The Federal Housing Administration (FHA) mortgage insurance program is managed by the Department of Housing and Urban Development (HUD), which is a department of the federal government. Thought of as a first-time home loan program, FHA loans are actually available to all types of borrowers. The government insures the lender against losses that might result from borrower default. This program allows you to make a down payment as low as 3.5% of the purchase price and a much lower credit score minimum of 580. However, a credit score as low as 500 may be accepted with 10 percent down. The downside is that you’ll have to pay for mortgage insurance, which will increase the size of your monthly payments.

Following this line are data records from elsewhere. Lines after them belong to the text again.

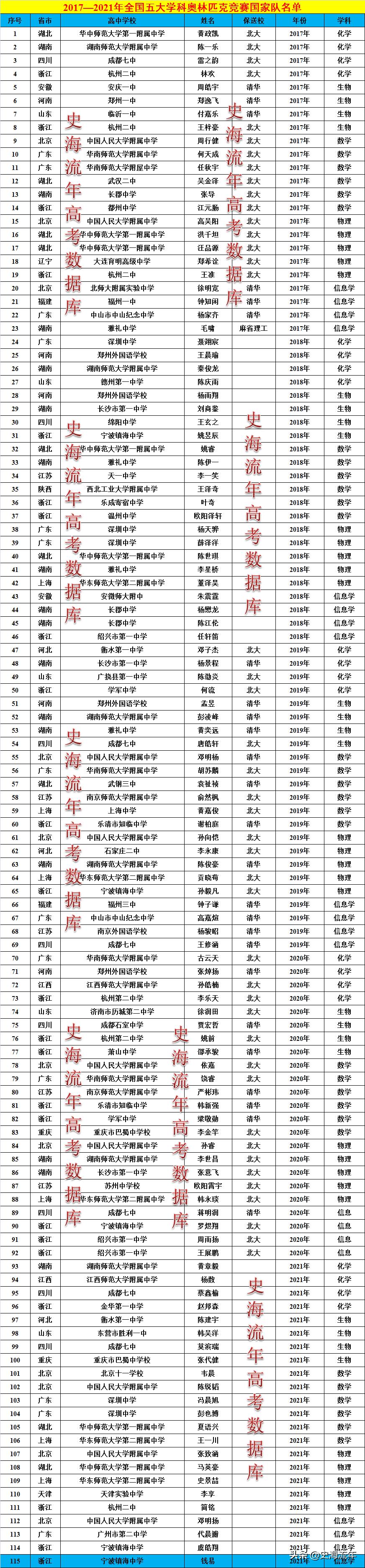 五大奥赛各省排名,浙江赛区排名前十名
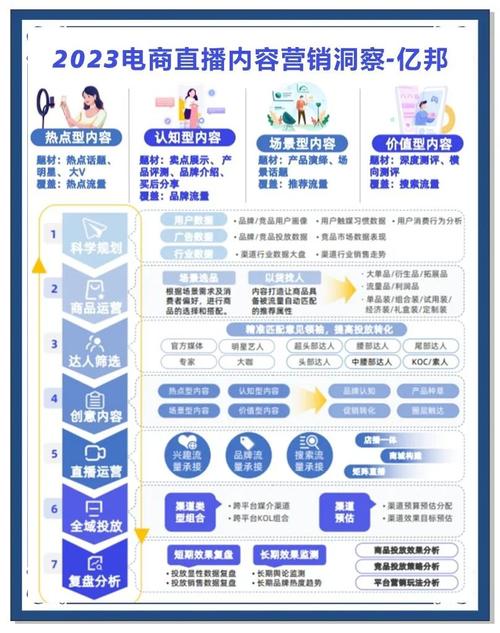 直播电商发展现状分析_抖音助力平台_直播电商商业模式重构
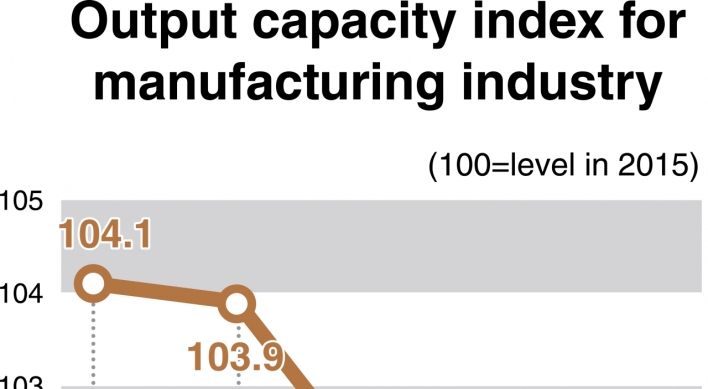 [News Focus] Manufacturers’ production capacity slides to mid-2016 levels: index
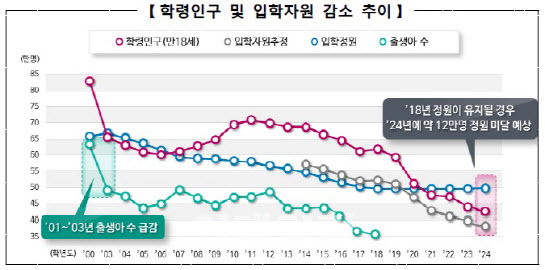 [대학 미충원 비상]④구조조정·폐교 청산, 교육당국 `투트랙 대책`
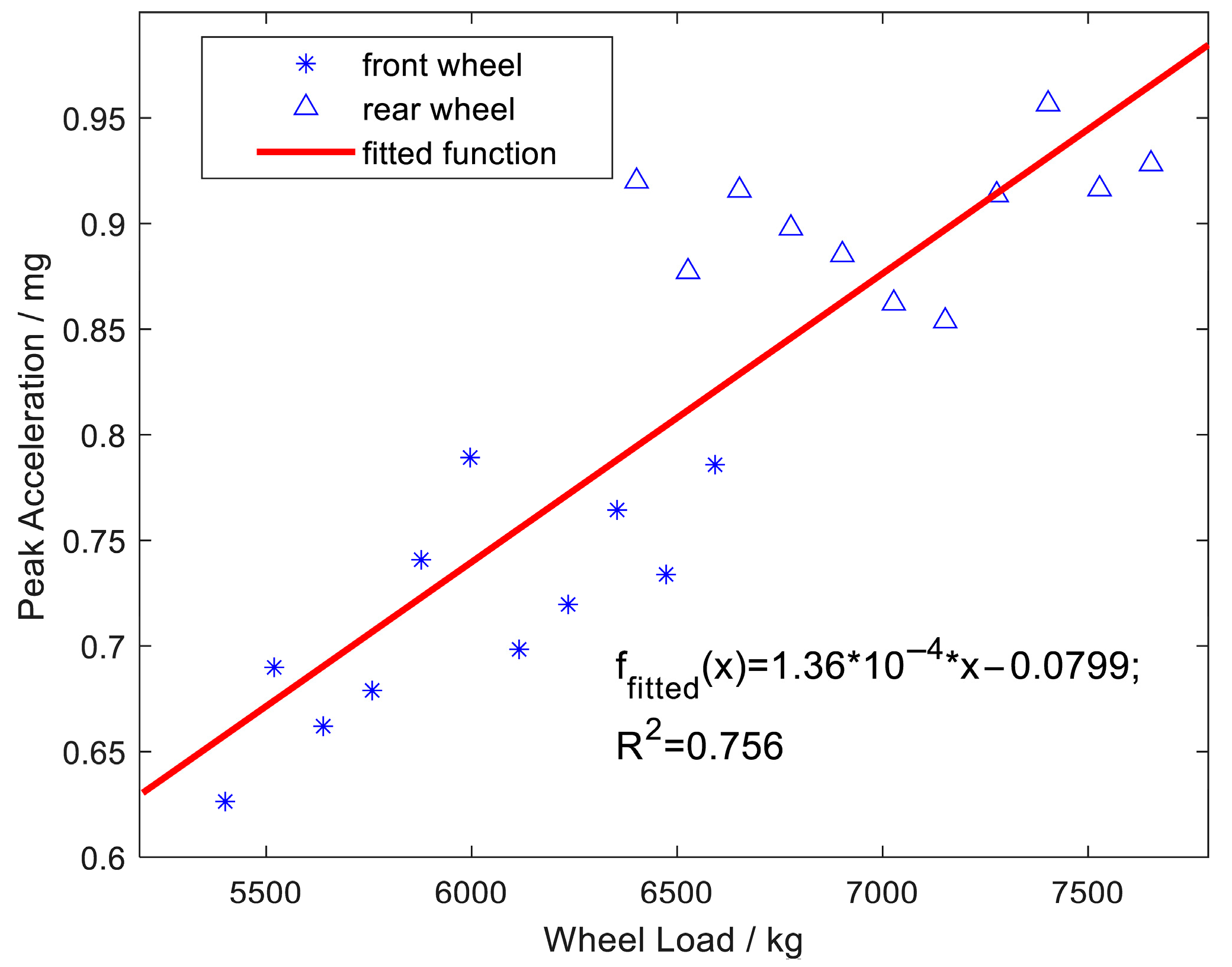 Sensors 25 04901 g015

Because of the fees associated with FHA loans, you may be better off with a conventional loan, if you can qualify for it. The FHA requires an upfront mortgage insurance premium (MIP) as well as an annual mortgage insurance premium paid monthly. If you put less than 10 percent down, the MIP must be paid until the loan is paid in full or until you refinance into a non-FHA loan. Conventional loans, on the other hand, do not have the upfront fee, and the private mortgage insurance (PMI) required for loans with less than 20 percent down automatically falls off the loan when your loan-to-value reaches 78 percent.
The U.S. Department of Veterans Affairs (VA) offers a zero down-payment loan product to military service members and their families. Similar to the FHA program, these types of mortgages are guaranteed by the federal government. This means the VA will reimburse the lender for any losses that may result from borrower default. The primary advantage of this program (and it’s a big one) is that borrowers can receive 100% financing for the purchase of a home. That means no down payment whatsoever.
USDA Rural Housing Loan
The USDA Mortgage Loan is another zero down-payment loan product which can only be used in designated areas & towns. However, don’t be fooled by the term “rural”; their definition of rural may be more flexible than you think. The program is managed by the Rural Housing Service (RHS), which is part of the Department of Agriculture. And this type of mortgage loan is offered to “rural’ residents who have a steady, low or modest income, and yet are unable to obtain adequate housing through conventional financing. Income must be no higher than 115% of the adjusted area median income [AMI].